Lo Scomodo Conforto di Non Essere Normali

Pubblicato il 10 novembre 2025 alle ore 10:00

C’è una parola, "normale", che portiamo addosso come un vestito che non ci sta.

La indossiamo, la stiriamo, ci costringiamo dentro sperando che, in qualche modo magico, finisca per adattarsi alla nostra forma. Il più delle volte, invece, ci pizzica, ci stringe il respiro e ci fa sentire irrimediabilmente sbagliati.
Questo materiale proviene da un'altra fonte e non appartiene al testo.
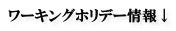ワーキングホリデー情報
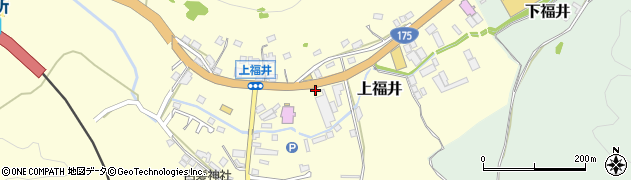 京都府舞鶴市上福井周辺の地図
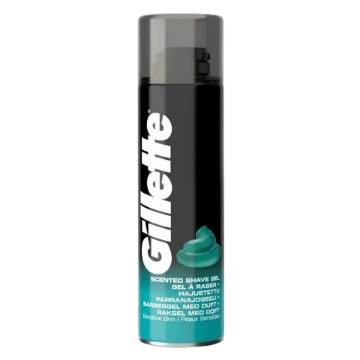 (6 x 200ml) GILLETTE SHAVING GEL - SENSITIVE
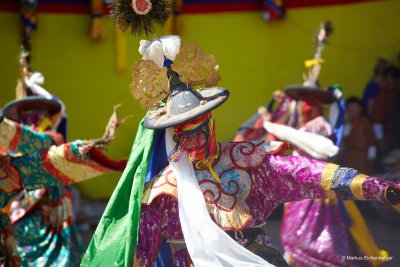 the black hat mask dancers
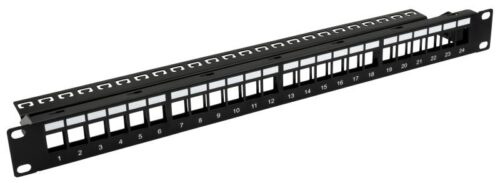Nestron NRPP-KEY-124U-H – 19" keystone patch panel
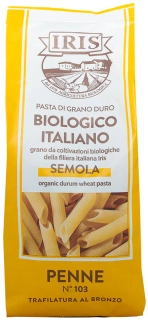 Bio penne semolina IRIS 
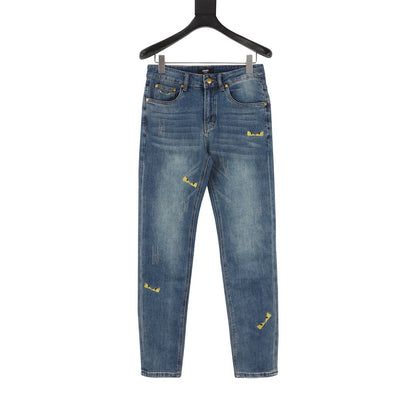 Fend embroidered jeans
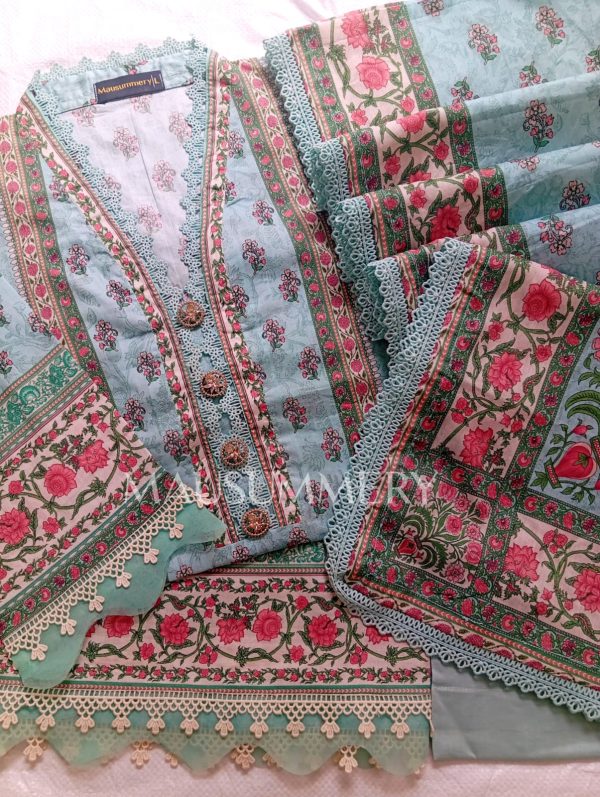 MAUSUMMERY PRINTED LAWN VOL 8 2025 3Pcs Stitch Lawn Collection - Image 4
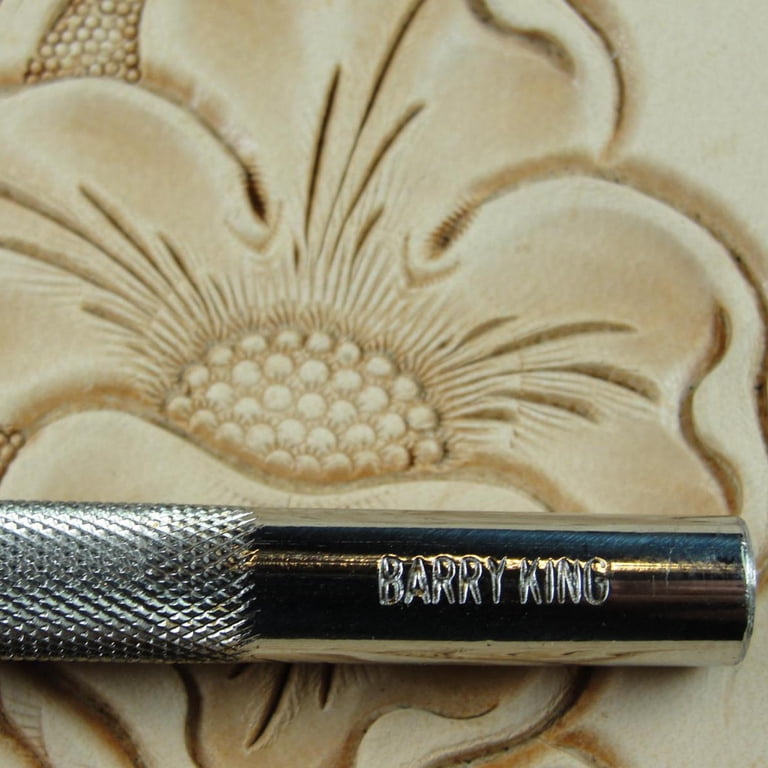 Barry King #3 18-Seed Oval Flower Center Stamp - Stainless Steel Leather Stamping Tool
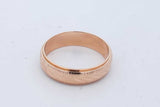 14k Yellow Gold Wedding Band 5.5 Grams Size 10.25 Eb0226llrde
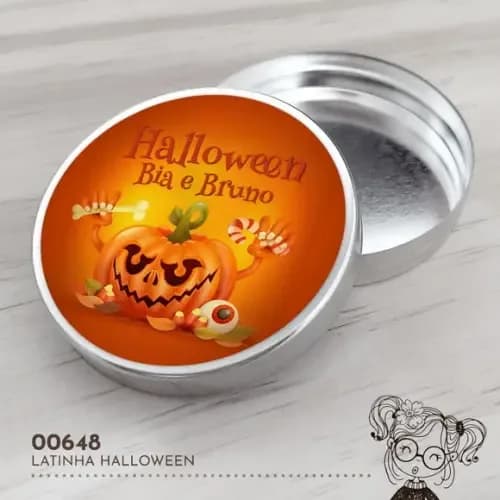 Latinha Adesivada Halloween - 00648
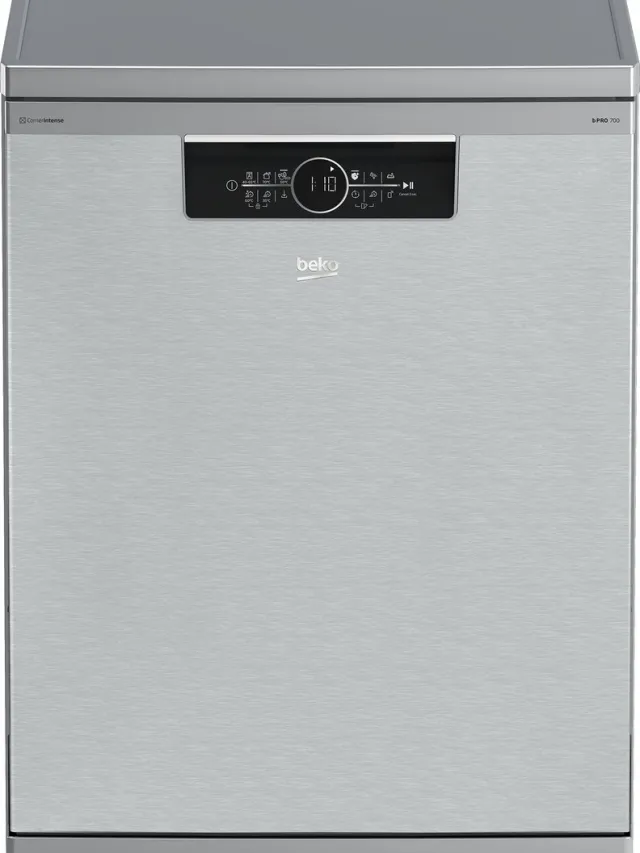 Beko BDFN36650XC - CornerIntense® - Vrijstaande Vaatwasser Grijs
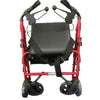 Image of 2-in-1 Walker Transport Chair Combination Folded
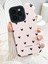 iPhone 15 Pro Kılıf Siyah Kalp Desenli Kamera Korumalı Estetik Zarif Yumuşak Silikon Kapak 4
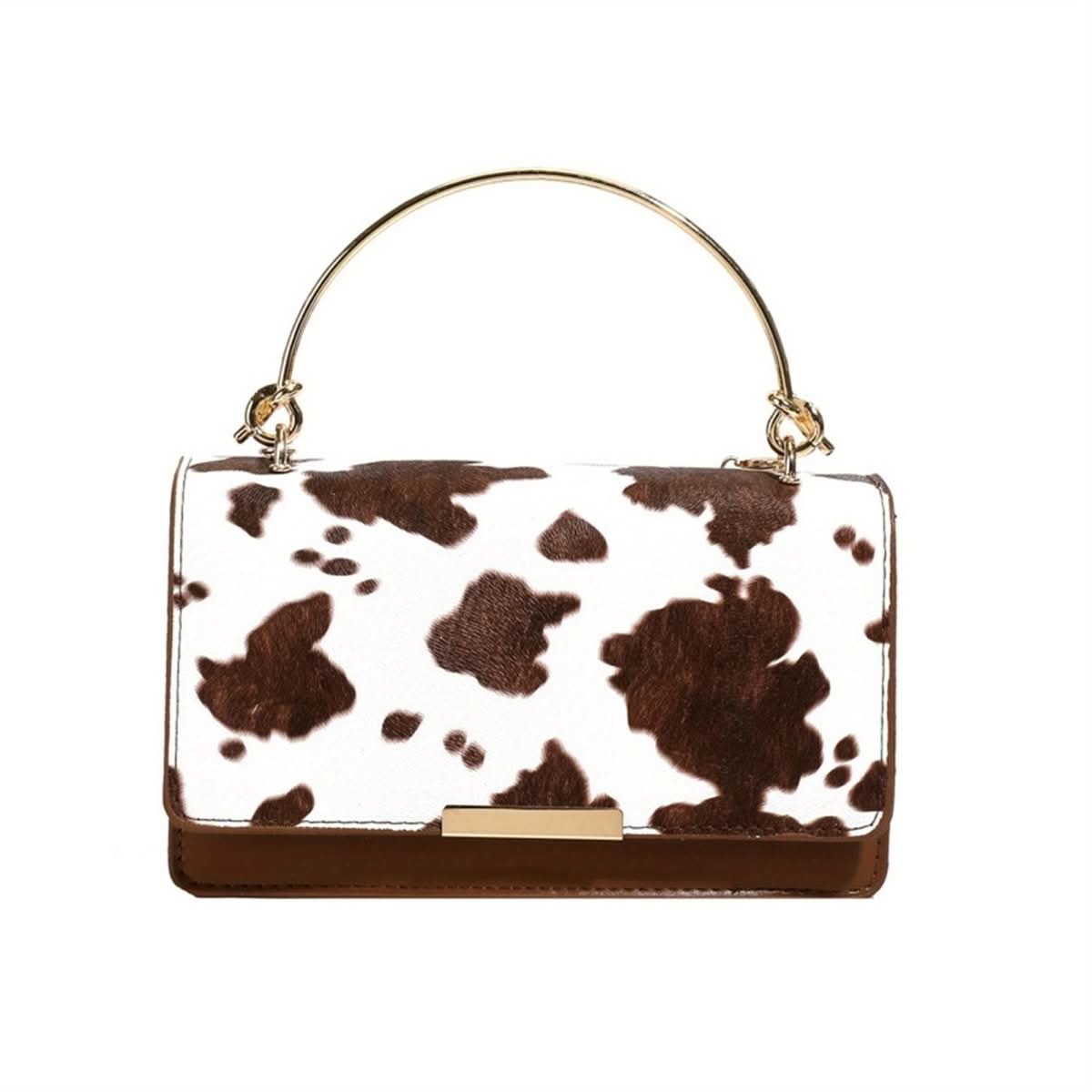 Lyra | Women's Cow Print Crossbody Tote Bag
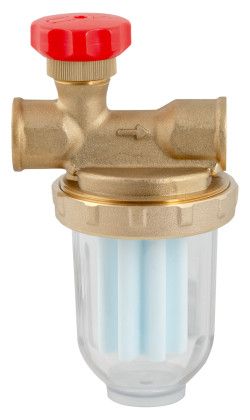 Однотрубный масляный фильтр V 1/2 - 500 Si, с пластиковым фильтрующим элементом, 390 л/ч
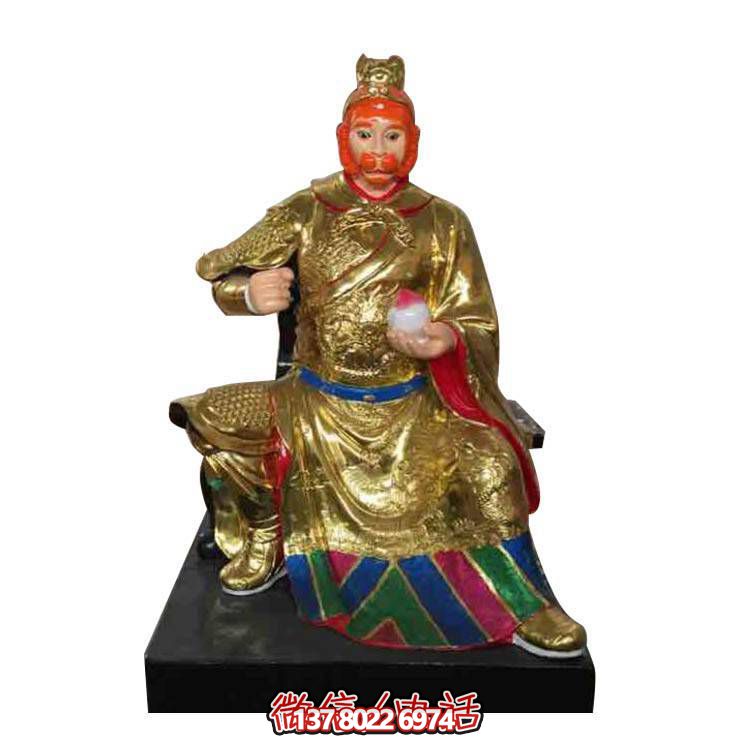 玻璃鋼佛像，金烤漆噴涂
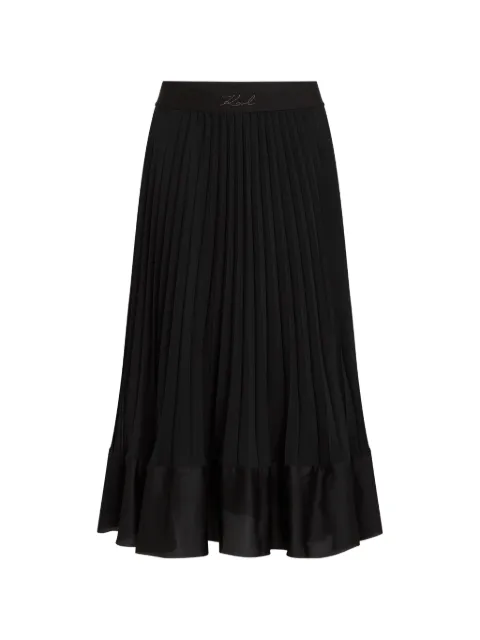 Karl Lagerfeld pleated midi skirt Black B2W12003999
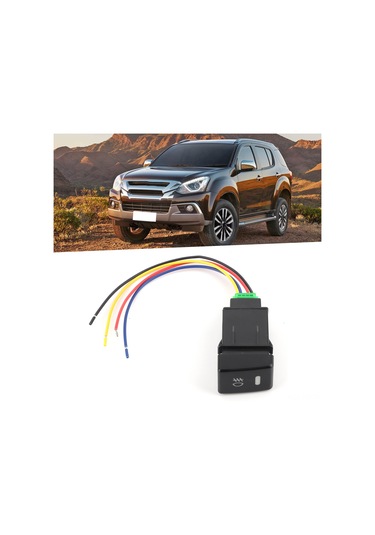 Reedark Isuzu Mu-x/d-max 2012+ İçin Dayanıklı Plastik Sis Lambası Anahtarı - Kolay Kurulum,  Uyum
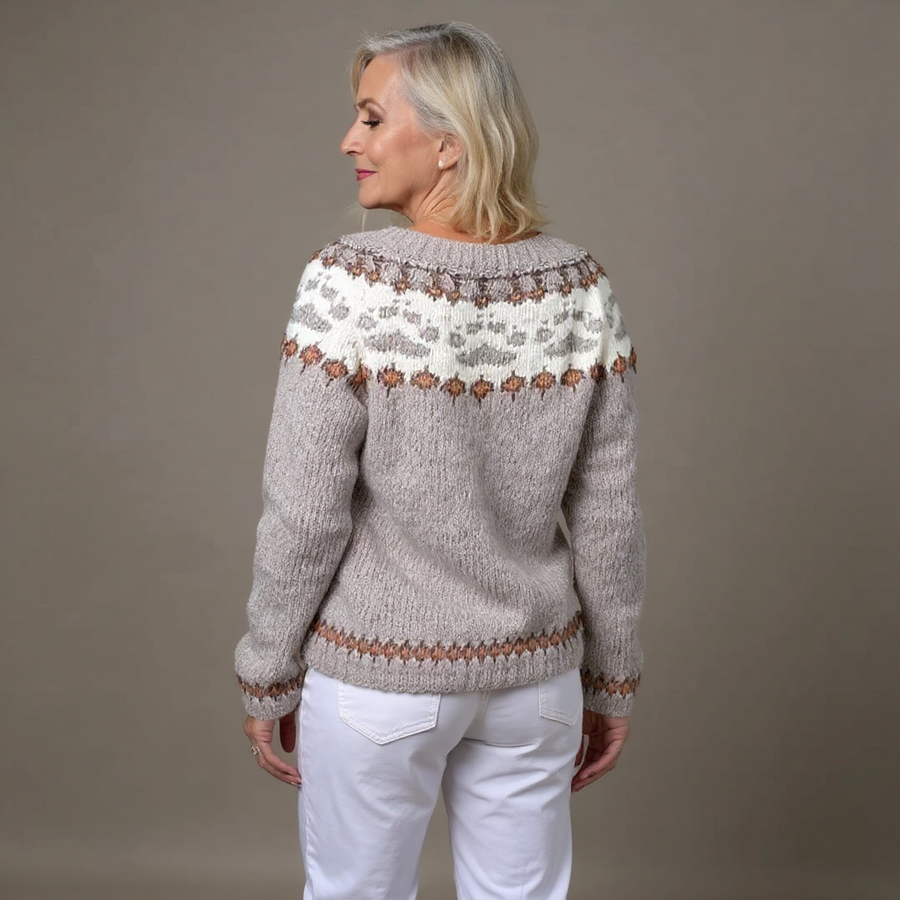Emery | Vintage Isländische Strickjacke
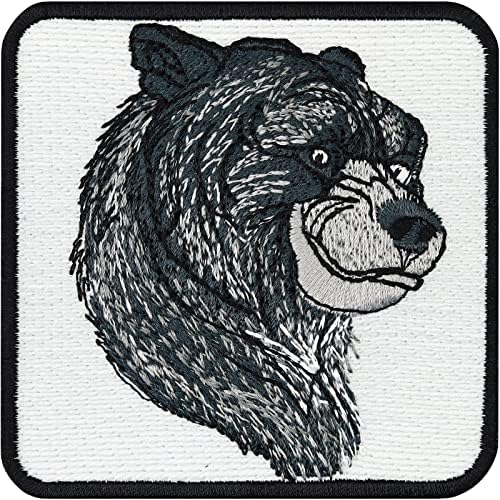 Parches ropa termoadhesivos "OSO Pardo" | Emblema de vida silvest...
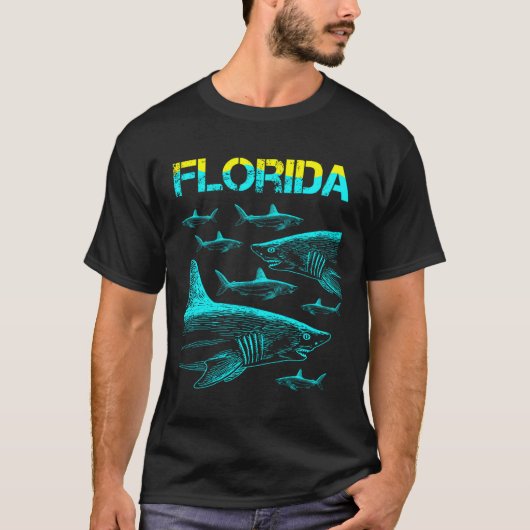 Florida Vacation With A Shark Tシャツ (正面)
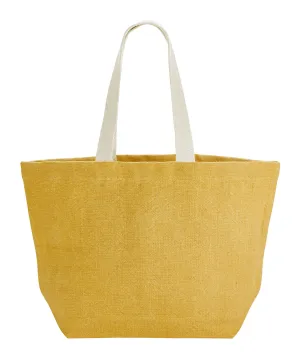 Saffron - Soft washed jute beach bag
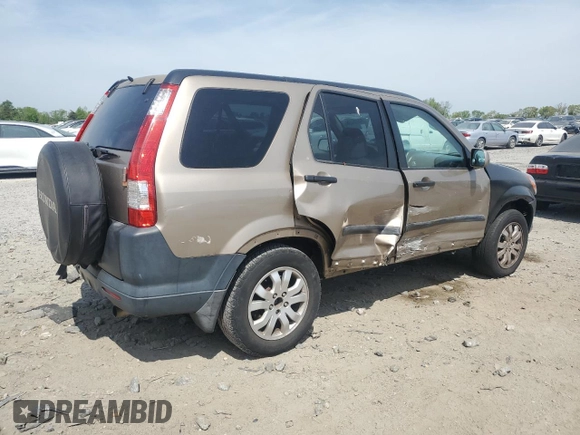 2005 Honda CR-V EX with VIN SHSRD78865U320729, listed as a Copart auction lot 54406435 with 206,351 mi miles and Salvage Title. Bid and sale history available at DreamBid. Image 3.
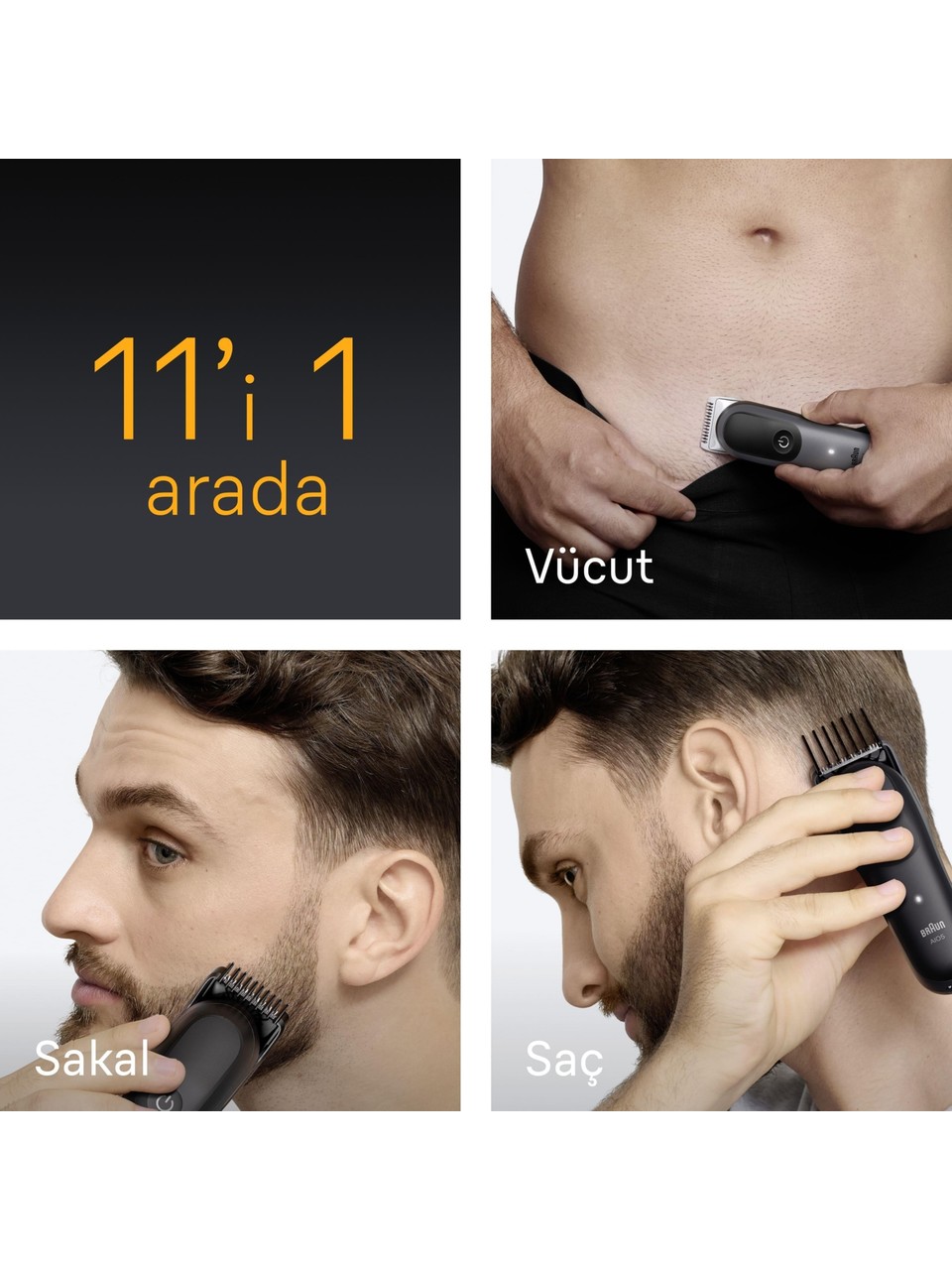 Braun Series5 Aıo5560 11'i 1 Arada Erkek Bakım Seti Görseli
Vera Gheno, con la sua inchiesta lucida e necessaria in "Nessunə è normale", non fa altro che mostrarci l'etichetta di composizione di questo abito: non è fatto di verità universali, ma di lana grezza tessuta dal caso, dalla statistica e, soprattutto, dal potere. La "normalità" è un concetto circolare, lo si definisce tale perché è tale, non perché sia intrinsecamente giusto o desiderabile. Ed è proprio questa la grande liberazione che ci offre la sua lettura: il sollievo di capire che il problema non siamo noi, ma la misura che ci viene imposta.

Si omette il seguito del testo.